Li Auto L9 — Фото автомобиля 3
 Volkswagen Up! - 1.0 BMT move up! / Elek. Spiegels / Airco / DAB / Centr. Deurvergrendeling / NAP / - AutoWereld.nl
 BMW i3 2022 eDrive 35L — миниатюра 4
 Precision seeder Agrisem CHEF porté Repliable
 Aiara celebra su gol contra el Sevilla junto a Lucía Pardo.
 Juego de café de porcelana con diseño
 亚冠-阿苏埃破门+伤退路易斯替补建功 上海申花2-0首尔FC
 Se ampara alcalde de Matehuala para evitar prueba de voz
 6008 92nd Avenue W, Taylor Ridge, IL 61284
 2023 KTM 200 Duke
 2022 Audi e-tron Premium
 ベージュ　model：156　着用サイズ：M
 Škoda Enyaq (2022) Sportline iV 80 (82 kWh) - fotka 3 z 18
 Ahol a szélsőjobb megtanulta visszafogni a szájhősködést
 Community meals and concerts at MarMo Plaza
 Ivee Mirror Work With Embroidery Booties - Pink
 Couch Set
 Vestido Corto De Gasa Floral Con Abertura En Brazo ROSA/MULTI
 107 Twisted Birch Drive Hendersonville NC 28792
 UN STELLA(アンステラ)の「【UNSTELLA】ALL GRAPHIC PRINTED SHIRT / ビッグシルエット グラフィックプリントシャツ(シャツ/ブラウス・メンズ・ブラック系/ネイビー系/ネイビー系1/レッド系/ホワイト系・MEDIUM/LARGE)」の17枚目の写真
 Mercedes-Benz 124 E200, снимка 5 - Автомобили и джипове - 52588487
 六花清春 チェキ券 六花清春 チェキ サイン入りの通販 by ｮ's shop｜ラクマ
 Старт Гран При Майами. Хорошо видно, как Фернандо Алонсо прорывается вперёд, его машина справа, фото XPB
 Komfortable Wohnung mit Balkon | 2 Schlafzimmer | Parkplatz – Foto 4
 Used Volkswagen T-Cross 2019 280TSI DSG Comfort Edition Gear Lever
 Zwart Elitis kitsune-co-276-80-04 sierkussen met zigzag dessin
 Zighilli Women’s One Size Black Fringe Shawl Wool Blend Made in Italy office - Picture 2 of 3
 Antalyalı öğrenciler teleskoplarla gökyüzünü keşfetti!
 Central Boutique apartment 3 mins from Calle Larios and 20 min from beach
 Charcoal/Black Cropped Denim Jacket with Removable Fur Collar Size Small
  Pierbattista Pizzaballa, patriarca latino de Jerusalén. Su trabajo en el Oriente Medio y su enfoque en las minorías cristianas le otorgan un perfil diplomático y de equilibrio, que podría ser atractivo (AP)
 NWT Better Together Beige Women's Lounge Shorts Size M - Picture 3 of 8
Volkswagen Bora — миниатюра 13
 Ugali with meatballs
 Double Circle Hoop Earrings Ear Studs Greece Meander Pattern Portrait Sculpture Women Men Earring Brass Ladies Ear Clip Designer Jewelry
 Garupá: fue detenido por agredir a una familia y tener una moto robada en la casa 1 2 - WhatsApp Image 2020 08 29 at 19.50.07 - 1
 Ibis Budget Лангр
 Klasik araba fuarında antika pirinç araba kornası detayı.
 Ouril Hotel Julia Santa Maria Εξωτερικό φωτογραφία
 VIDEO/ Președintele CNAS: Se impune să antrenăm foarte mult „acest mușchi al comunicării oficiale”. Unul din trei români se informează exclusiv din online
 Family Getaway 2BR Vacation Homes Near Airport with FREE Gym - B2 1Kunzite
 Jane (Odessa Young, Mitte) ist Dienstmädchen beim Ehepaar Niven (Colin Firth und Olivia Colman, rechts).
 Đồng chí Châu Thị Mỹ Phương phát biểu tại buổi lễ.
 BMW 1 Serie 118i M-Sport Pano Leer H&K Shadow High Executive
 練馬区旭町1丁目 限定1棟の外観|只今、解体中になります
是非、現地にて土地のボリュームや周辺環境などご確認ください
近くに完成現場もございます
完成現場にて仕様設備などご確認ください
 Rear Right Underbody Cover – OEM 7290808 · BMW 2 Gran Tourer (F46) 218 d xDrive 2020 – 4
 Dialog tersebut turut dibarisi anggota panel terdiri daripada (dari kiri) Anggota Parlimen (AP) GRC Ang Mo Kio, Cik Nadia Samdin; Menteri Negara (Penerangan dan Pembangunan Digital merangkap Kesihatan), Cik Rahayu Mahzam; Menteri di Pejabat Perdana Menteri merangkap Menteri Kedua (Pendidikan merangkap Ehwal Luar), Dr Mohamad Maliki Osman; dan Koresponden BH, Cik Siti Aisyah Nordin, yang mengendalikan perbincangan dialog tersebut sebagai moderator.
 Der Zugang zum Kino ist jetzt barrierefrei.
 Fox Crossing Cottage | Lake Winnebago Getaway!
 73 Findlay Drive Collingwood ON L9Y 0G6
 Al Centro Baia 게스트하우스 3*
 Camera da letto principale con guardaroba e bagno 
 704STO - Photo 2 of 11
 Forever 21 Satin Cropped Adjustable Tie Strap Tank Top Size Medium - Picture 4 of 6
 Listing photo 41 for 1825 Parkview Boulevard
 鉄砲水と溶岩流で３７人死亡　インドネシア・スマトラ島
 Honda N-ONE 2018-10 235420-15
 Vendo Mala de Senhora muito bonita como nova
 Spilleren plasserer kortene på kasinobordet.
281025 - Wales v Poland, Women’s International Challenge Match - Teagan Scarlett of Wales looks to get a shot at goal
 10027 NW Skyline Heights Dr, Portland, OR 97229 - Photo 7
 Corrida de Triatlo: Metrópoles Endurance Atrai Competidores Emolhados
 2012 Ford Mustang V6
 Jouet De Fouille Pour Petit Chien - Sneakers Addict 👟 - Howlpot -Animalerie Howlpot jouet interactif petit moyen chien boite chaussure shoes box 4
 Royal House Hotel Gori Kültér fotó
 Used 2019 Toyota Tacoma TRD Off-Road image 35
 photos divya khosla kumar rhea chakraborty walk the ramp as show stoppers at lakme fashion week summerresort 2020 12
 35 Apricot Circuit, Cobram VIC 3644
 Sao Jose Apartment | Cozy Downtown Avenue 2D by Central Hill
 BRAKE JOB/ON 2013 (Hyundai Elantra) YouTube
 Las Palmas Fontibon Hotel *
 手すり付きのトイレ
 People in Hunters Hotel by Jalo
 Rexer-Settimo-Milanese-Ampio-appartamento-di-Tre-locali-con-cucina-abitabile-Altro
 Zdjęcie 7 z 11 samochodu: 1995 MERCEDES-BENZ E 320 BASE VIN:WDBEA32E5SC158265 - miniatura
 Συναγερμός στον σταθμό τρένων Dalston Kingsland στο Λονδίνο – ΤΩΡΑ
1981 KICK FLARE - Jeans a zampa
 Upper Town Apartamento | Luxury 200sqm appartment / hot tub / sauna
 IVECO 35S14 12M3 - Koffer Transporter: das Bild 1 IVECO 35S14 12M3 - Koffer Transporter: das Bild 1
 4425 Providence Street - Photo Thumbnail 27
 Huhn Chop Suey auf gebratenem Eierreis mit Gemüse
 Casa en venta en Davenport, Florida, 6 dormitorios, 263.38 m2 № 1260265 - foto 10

# ASSIGNMENT:
Give back the records above exactly, limited to the lines between the one holding "Ahol a szélsőjobb" and the one holding "107 Twisted Birch", inclusive.

# TASK SOLUTION:
 Ahol a szélsőjobb megtanulta visszafogni a szájhősködést
 Community meals and concerts at MarMo Plaza
 Ivee Mirror Work With Embroidery Booties - Pink
 Couch Set
 Vestido Corto De Gasa Floral Con Abertura En Brazo ROSA/MULTI
 107 Twisted Birch Drive Hendersonville NC 28792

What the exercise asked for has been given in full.